読み取れていないのかもしれませんが、調査団の調査までは、その可愛く美しい描写が、とても面白かったのですが。このラストの説明部分がよく読み取れませんでした。
ただ、「柱娘が天をささえて、空のかけらがおちてくる」というイメージが素晴らしく、その描写も成功していると思いました。


11.ペテン師モランと兎の星(藍銅)
ですます調の文体なのだけど、住んでいるのです。あ、ここはですます調というより、「のです調」か。
普通は「住んでいます。or住んでいました。」にしない?「住んでいるのです。」って断定されると、面白くなるのね。
「ぴょんたかぴょんたか」って言葉も使ったことも、読んだこともなかった気がする。
読み進めると、梗概では想像できなかった、お茶目文体であることに気づく。いや、かなり飛ばしている絵本文体か。
しかし、蔦が二人を覆って、妊娠とは。ああ、絵本だからね。
「それで、どうするのです」
 モランはゆっくりと顔を下ろしました。ルゼの顔をしばらくじっと見ます。兎が一羽、ルゼの足元を通り過ぎた頃、モランは言いました。
「戦争を終わらせる」
ここの質問と全く違う答えへの展開は、とても上手いです。
◎いえ、踊りたくなければ踊らなくてもいいのですが、楽園にいて踊りたくない気分でいることはとても難しいのです。
とか、翻訳文体絵本ですよね。
この文体で、物語の可愛さ倍増しにはなったと思います。ただ、逆に、可愛すぎて、戦争をやめるとか、止めに行くとかに全く緊張感が欠けてしまったのでは?
何かを見落としているのかもしれませんが、はいはい、そしてそして。と物語は進んで「戦争」が、可愛いおとぎ話のひとつになってしまったように思えました。
あれ。もしかしたら、それも藍銅さんの思惑なのでしょうか。しかし、さらに、わたしには、あのルゼが殺されたのです。という描写になっても、あまり悲劇として響いてこなかったのです。まあそれも、読み手の勝手でしょう。(こういう文体なのです)
たとえば、自分のベストオブベストは「幸福の王子」なのですが、まさしく「なのです」文体を使っているけど。使っているからこそ、残酷さや悲しさを際立たせることに成功していますよね。
「なんということでしょうか。」は、珍しくない表現かもしれませんが、この使い方、とても気に入りました。
次に使おう。


12.ディスオリエント・エクスプレス(中野)
この列車に乗り込み、時刻表に無い列車、奇妙な一人だけのお客との対話は、夢のような世界として在るのかというと、そうでもなく現実として二人は捉えているかのような描写が、SFとしてもファンタジーとしても奇妙で。
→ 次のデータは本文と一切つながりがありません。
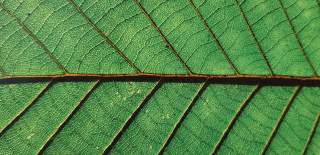 Close up detail of a leaf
まるで「奇妙な世界」の話として読むのか。
と思うのだけど、この主人公らが接する現実の歴史問題が重く、それでいて、この奇妙な夢のような世界を背景としているのが、実作を読むと、とても違和感を感じました。
梗概で好きだったイメージが、何度も夜中の駅に入ってくる列車。の部分なのですが、これが実作を読むと、この二人は、不思議な電車での遭遇の一方で、同じ境界上で平然と資料集めをするのが、納得できませんでした。
優秀な二人だったら、あの逆向きの列車が来る前に、今までの説明からおよそ何の説明であったのか想定できたのでは。とか、それでいて逆向きに来た「不思議な列車」のはずが、そこで下ろされて駅が存在していてるのが、現実とファンタジー的世界の境界線がないかのように流れていったり、牛舎みたいな建物は何だったのだろう。っていう疑問も、気づかなさすぎだろう。と突っこみたくなりました。
◎「彼のシルエットからは細く長い影が伸び、影に影が貼りついているように見えた。」
ワルシャワ・ゲットー蜂起については、きちんと知らなかったので、wikiも読み、勉強になりました。
と、読み進めているうちに、「あ、野良のタイムマシン」というガジェットが出てきたのですね。
これで、前半の二人一緒の行動が説明ついているのか、わからなくなってしまいました。
まさしく、中野さんの文「強引だけどなんとなく納得できる気がします」で、あー。となりました。
そして、最後の一行は、本当に力のある言葉だと思うのですが、果たしてこの実作で効いているのか。わからなくなりました。
この物語は、全く現実の歴史事象なしで、ファンタジーに寄せて書くとそれなりに面白い物語にもなりそうな気がするのですが、中野さんが書きたいのは、本当はそんなとことでもないように思うので、中野さんの書きたいことだけを突き詰めれば、また違う路線の素敵な話になりそうな気がします。


13.生きている方が先(安斉)
梗概を読んだときに、これはSF小説の梗概と言うより、エッセイの要約みたい。と感じた印象が、実作でも、やはりエッセイみたくて、SF度も感じなくて、ここでのヒーローって、何なのだろう。とも思いました。でも意図的かどうかはわかりませんが、エッセイのような文体で、エッセイのような主観の物語は全然ありだと思っています。実際、今作でも「柏手を打った瞬間、タバコのヤニでくすんでいた部屋が一気に明るくなって、空気もきれいになったのがわかった。」は、カタルシスみたいなものを感じられます。
あえて、この実作中のヒーロー的な者のは、「生きているわたしたち」なのでしょうが、そこに拘る必要もなかったのかもしれません。全くSF小説として、読まずに、まとまった「生きている人間のほうが先なんだから」についての文章として、まとまっていると思いました。

 

14.オール・ワールド・イズ・ア・ヒーロー(黒田)
いままで、梗概と実作の感じが全然違うじゃ無いですか。と勝手に感じて、つっかえつっかえ、読んでいたところが、黒田さんのオール・ワールド・イズ・ア・ヒーローは、すんなり一気に読めました。ただ、それがいいのか悪いのかは、わかりません。そして、一番梗概と実作の違うところは、ラストの記述部分。「テビスは視聴者のすべてがAIに代わってしまったことを悟る。」ここが、梗概を読んでいる人には、頭に入っていても、梗概をよんでいない人にとって、実作の、「残響音だけが、街中で響いている気がした。フレーム値は小刻みに揺れていた。」は、かならずしも、梗概の結末と捉えられないと思います。
この梗概の書き方をしなかったのは、ベタな落ちと思ったのか。それより、もっと広い解釈の余地を与えたかったのかもしれませんが、であれば、また違った広がりのある記述にしないと、なにか、もやもや感がある終わり方に感じてしまうように思いました。
それと、梗概で魅力的に感じた「ストーリーが終わればテピスは更新され、新しいストーリーの主人公となる。しかし、ストーリーは常に人間の視聴者の人気度(フレーム)によって監視され、フレームが下がれば次のストーリーでは脇役AIになり、さらにフレームが下がれば、テピス自身が消滅し他のAIに取って代わられる。」という構造であって、実作では、ここら辺のドラマパートが具体的に描かれるのかと思ったのですが、それは、ほとんど描写されなかったのは、枚数の問題なのかもしれませんが、実作が、梗概に少し付け足した全体感。みたいな印象になって、一気に読めてしまったのかもしれません。